海に生きる全3本

私たち人間は海と深いかかわりをもってくらしてきました。人間は、海とどのように向き合いながら、生活していくべきなのでしょうか。

海を汚すのも人間、海を救うのも人間

例えば、地球には海が存在したからこそ、私たち人間も生まれることができました。生物は、海と深いつながりをもって生きているのです。ところが、人間たちは自らのエゴで、豊かさや便利さを追い求めるあまり、海を汚し、環境を破壊してきました。今こそ、手遅れになる前に何とかして海を救いたい、そう思うのもまた人間です。海を知り、海が抱えている問題を、私たちは考える必要があります。

魚を取り尽くす漁業技術の発達

例えば、海の魚たちは無限に獲れるわけではありません。漁業技術の発達は、魚を取り尽くしてしまう危険性さえ伴っています。限りある海の幸を、できる限り豊富に、しかし永遠に獲り続けることができるよう、工夫しなければなりません。
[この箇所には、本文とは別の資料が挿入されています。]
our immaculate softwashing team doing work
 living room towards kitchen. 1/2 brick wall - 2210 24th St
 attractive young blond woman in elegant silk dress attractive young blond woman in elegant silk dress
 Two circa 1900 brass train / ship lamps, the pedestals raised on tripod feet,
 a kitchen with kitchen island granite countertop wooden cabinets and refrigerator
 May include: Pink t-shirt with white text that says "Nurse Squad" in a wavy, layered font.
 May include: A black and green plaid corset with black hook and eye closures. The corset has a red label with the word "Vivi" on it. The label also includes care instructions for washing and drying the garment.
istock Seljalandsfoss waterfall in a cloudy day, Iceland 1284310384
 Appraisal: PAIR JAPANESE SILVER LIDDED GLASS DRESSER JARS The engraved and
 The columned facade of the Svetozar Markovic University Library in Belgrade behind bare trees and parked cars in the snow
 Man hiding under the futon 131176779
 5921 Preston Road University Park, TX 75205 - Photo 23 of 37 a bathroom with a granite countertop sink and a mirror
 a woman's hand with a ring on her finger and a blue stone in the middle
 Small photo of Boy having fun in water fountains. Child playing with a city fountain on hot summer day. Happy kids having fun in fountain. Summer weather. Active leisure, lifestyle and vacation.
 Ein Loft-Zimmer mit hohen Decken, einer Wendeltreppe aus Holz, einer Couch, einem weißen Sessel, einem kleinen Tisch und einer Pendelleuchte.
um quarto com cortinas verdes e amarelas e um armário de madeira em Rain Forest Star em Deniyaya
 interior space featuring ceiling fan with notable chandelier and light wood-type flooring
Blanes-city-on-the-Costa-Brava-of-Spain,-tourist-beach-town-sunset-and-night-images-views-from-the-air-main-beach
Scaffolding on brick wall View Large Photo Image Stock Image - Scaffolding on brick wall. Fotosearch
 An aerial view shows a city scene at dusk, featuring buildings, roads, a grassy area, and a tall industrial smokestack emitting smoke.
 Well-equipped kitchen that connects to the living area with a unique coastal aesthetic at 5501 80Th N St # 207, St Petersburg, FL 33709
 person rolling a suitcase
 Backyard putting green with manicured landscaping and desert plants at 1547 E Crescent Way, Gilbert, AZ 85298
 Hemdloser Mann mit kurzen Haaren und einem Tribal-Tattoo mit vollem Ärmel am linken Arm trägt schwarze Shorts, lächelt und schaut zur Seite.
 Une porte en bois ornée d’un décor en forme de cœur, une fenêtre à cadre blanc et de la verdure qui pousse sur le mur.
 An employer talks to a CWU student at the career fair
理想的な漁法は、魚や海の立場をもって、想像する必要があります。

もっと本能的な「自然とのつながり」を求める感覚

例えば、私たちは、海が抱える「問題」に直面しています。海の環境の悪化や地球温暖化といった現実は、利益の喪失や、商品の不足、被災による損害などを引き起こし、「問題」とみなされます。しかし、さらにこの「問題」を紐解く中で、もっと本能的な、「自然とのつながり」を求める感覚があるのではないでしょうか。それは、「自分たちが生きていくために必要なもの以上は獲らない」という方法を守ることです。そして、私たちは海から恵まれるだけでなく、与えることも、求められているのです。

海を活用し、海と共生する

海に囲まれた島国・日本は、いつの間にか、海から遠く離れた生活に慣れ親しんでいるようです。しかし日本人は、21世紀のエネルギー社会を見据えて、新たに、環境、食糧など、幅広い分野で海の力を活用する必要がでてきました。今後は、水産資源や鉱物などを一方的に奪い取るのではなく、海と共に生き、互いに支えあうことを強く意識する必要があるのです。